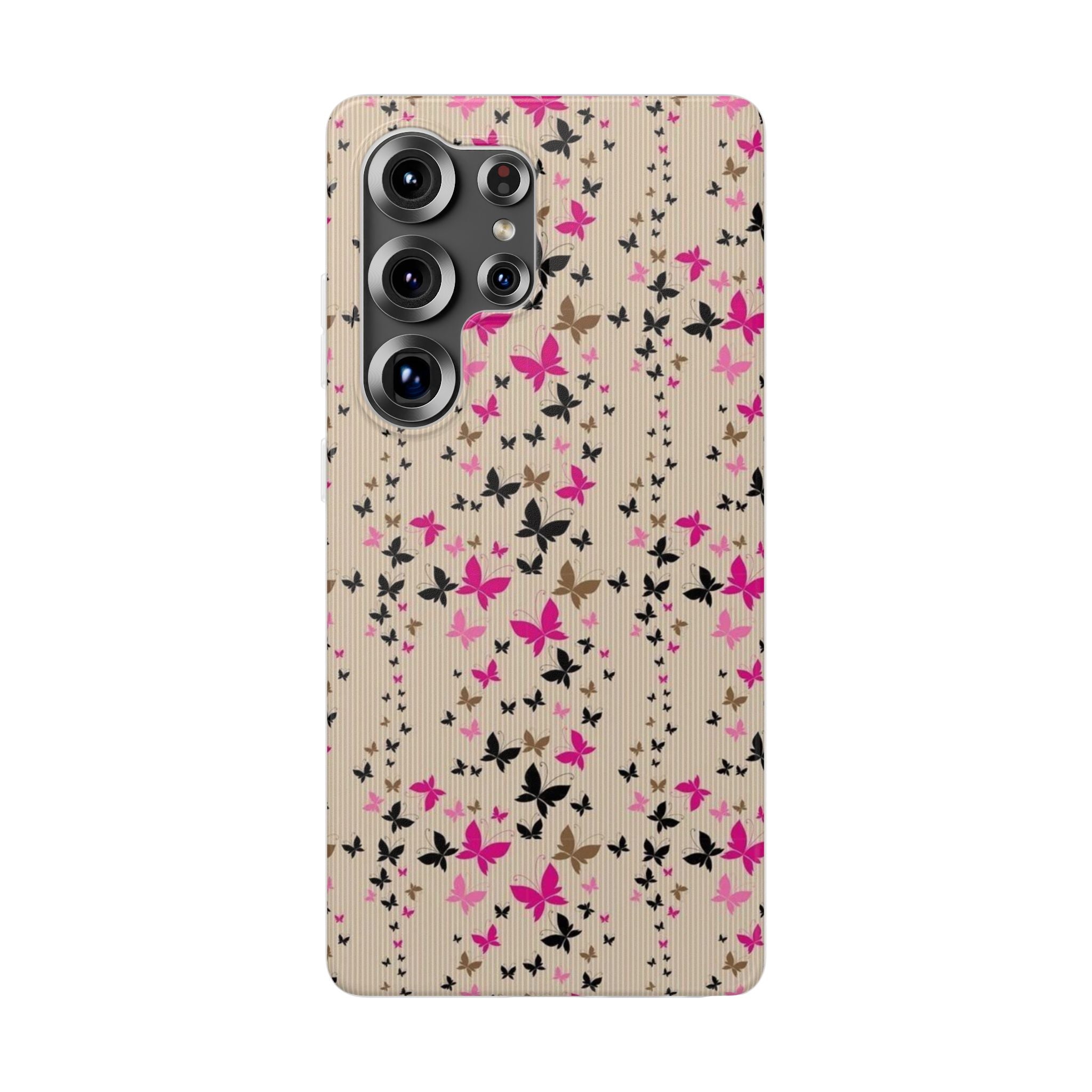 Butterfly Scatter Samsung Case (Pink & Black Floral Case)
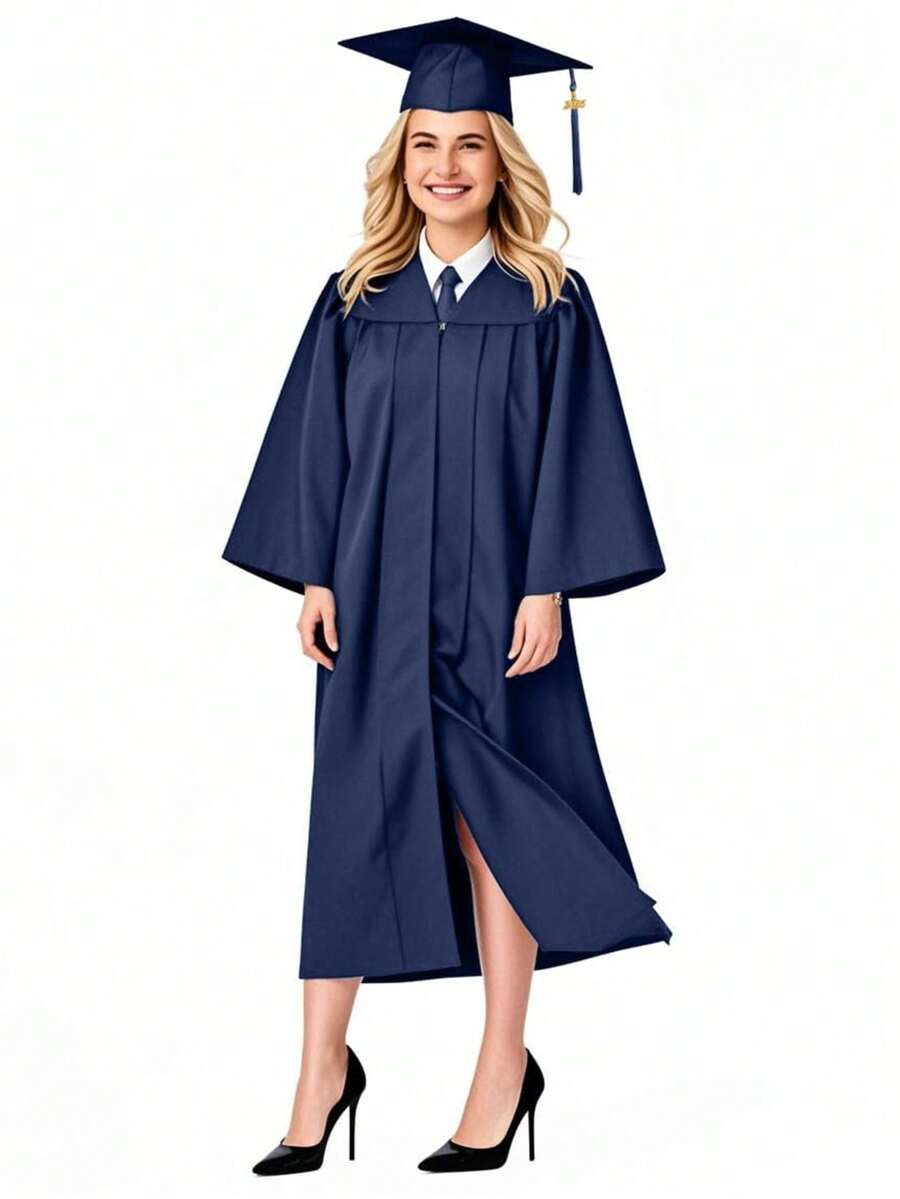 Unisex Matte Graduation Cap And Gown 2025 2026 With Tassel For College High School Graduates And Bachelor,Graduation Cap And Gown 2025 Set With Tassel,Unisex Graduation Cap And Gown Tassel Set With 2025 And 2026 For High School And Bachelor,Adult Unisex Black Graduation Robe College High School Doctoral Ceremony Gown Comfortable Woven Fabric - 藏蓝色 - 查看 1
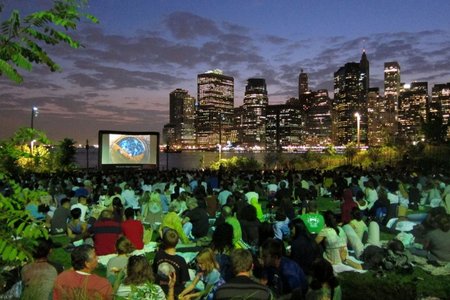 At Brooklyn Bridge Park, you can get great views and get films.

==

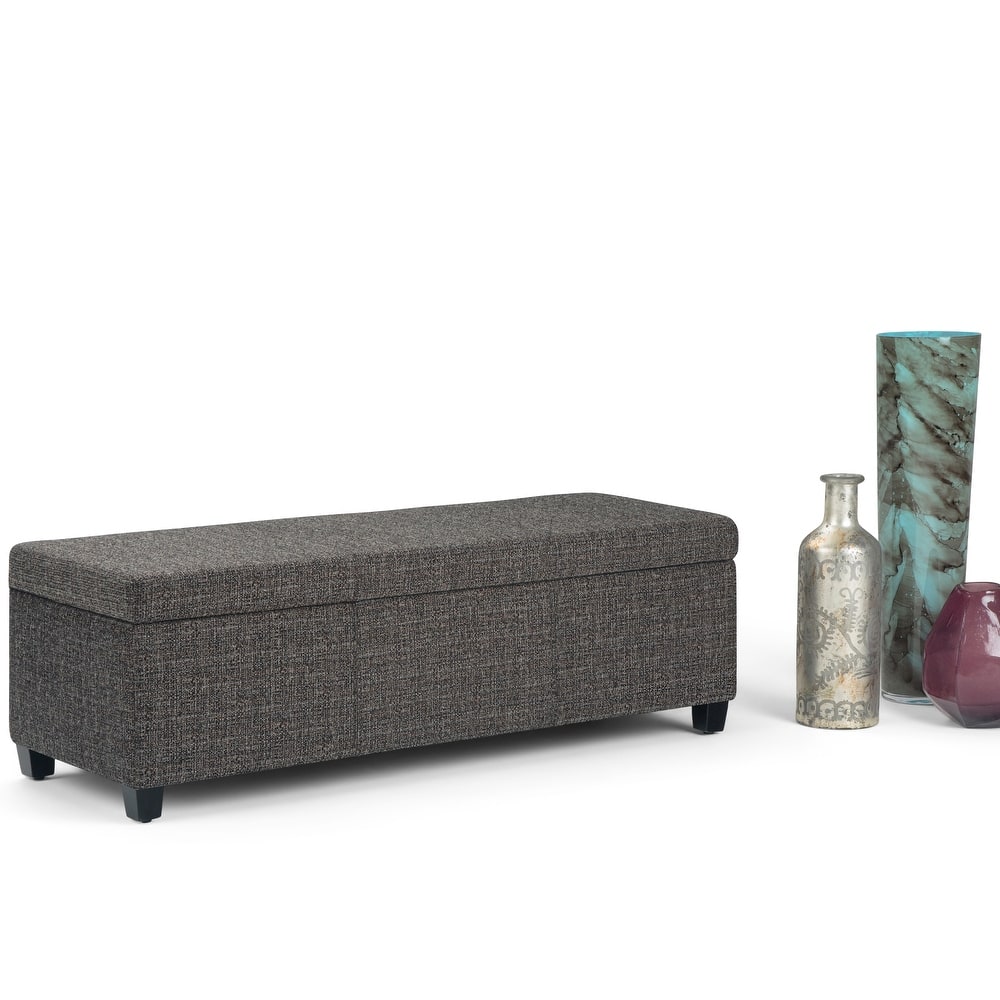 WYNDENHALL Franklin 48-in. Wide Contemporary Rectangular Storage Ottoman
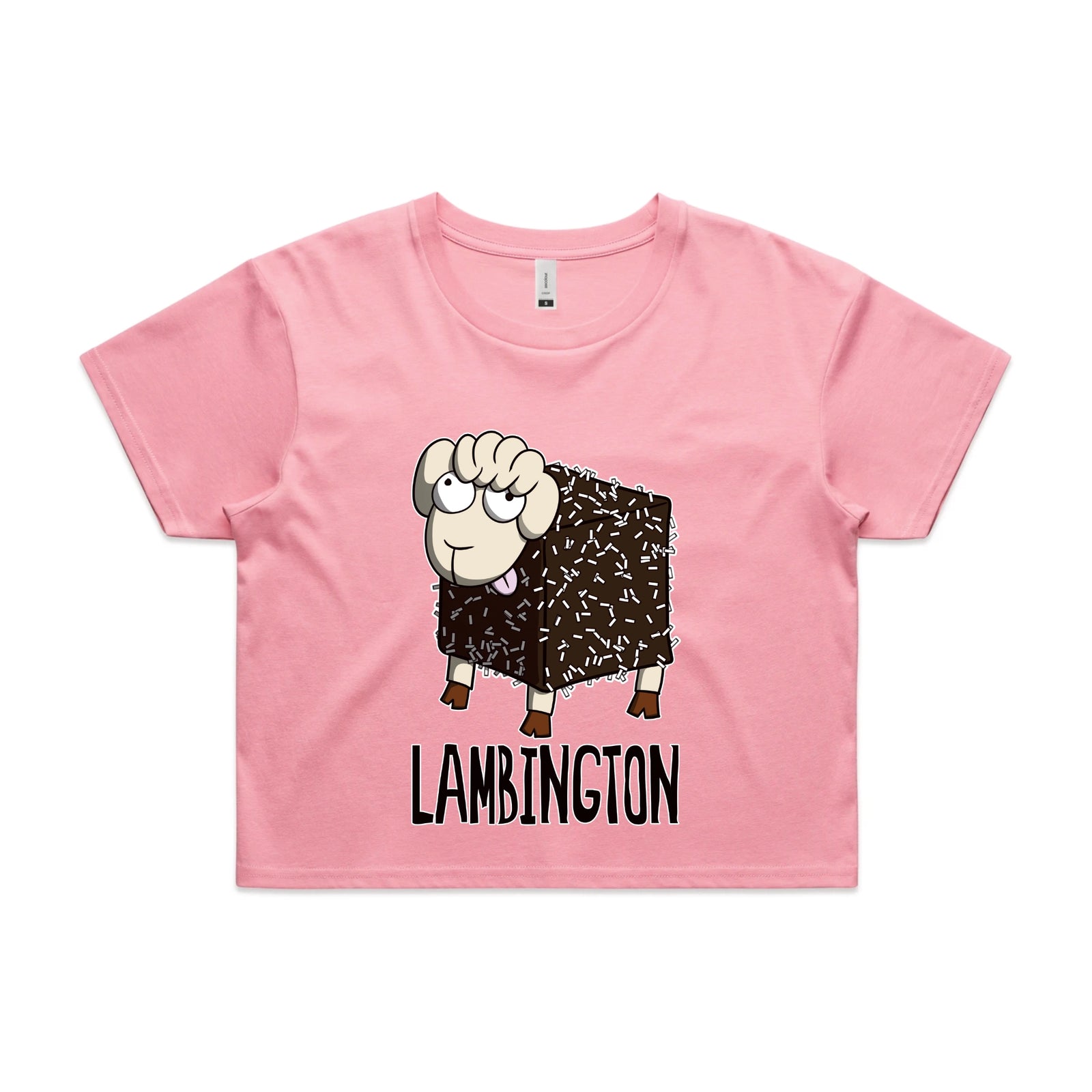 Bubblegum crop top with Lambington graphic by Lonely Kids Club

## TO DO:
Each line above from the one containing "Unisex Matte Graduation" through the one containing "At Brooklyn Bridge" is to be returned verbatim. Nothing else, and no pictures.

## TASK RESULT:
 Unisex Matte Graduation Cap And Gown 2025 2026 With Tassel For College High School Graduates And Bachelor,Graduation Cap And Gown 2025 Set With Tassel,Unisex Graduation Cap And Gown Tassel Set With 2025 And 2026 For High School And Bachelor,Adult Unisex Black Graduation Robe College High School Doctoral Ceremony Gown Comfortable Woven Fabric - 藏蓝色 - 查看 1
 At Brooklyn Bridge Park, you can get great views and get films.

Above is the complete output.